=== Data segment ===
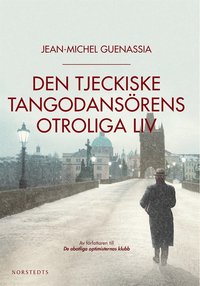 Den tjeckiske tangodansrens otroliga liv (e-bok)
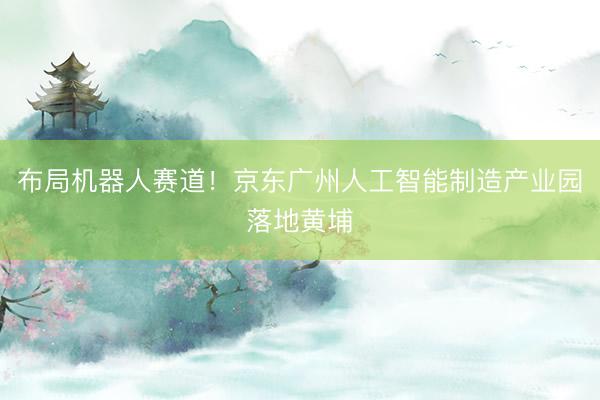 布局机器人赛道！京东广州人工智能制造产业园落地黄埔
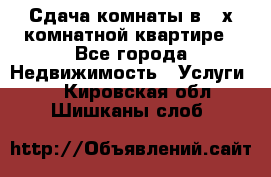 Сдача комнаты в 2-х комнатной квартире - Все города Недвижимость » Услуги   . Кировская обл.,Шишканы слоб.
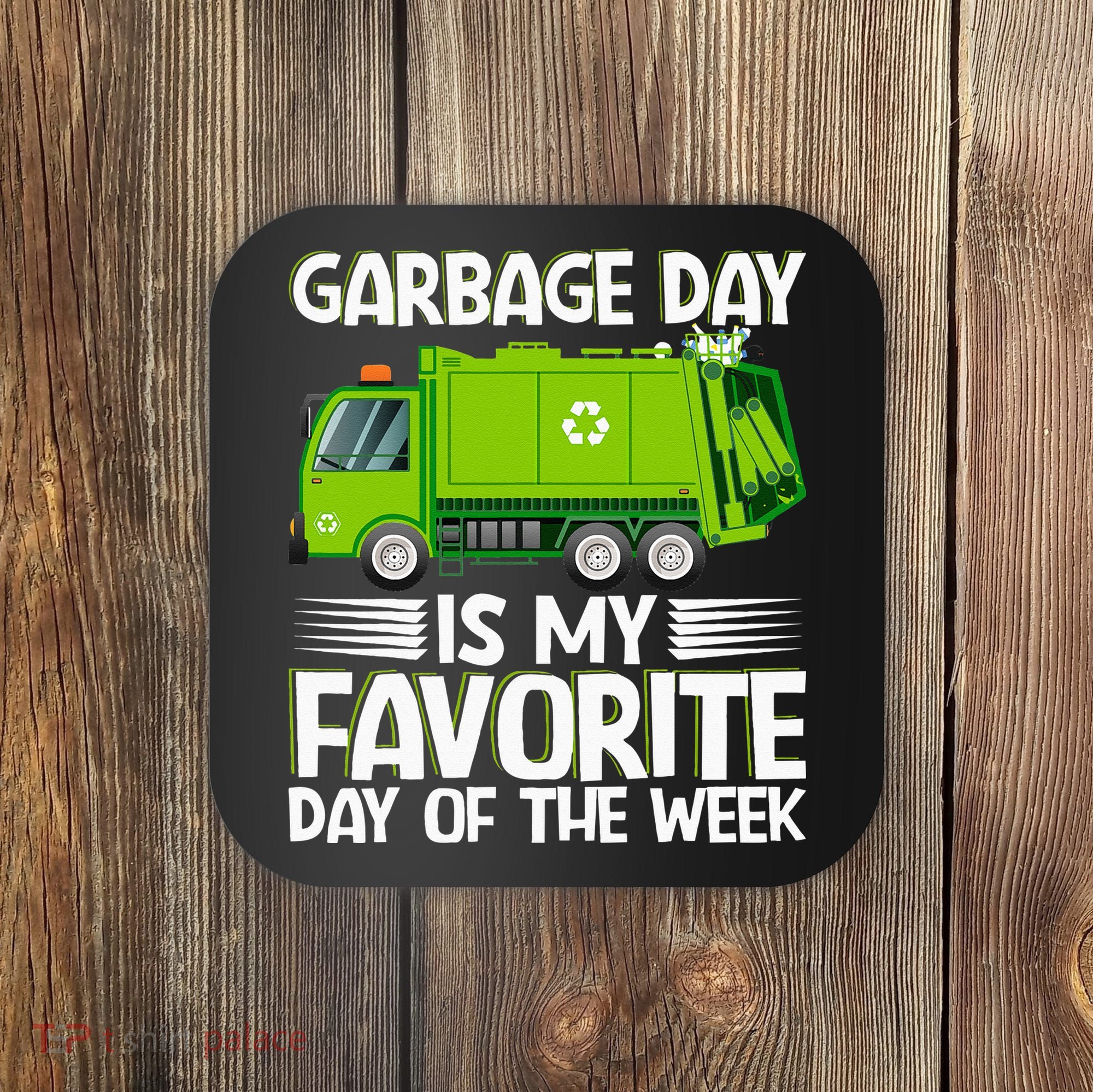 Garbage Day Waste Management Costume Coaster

=== Task directions ===
Only the pictures in the listing above get left out; print everything else exactly.

=== Written solution ===
 Den tjeckiske tangodansrens otroliga liv (e-bok)
 布局机器人赛道！京东广州人工智能制造产业园落地黄埔
 Сдача комнаты в 2-х комнатной квартире - Все города Недвижимость » Услуги   . Кировская обл.,Шишканы слоб.
 Garbage Day Waste Management Costume Coaster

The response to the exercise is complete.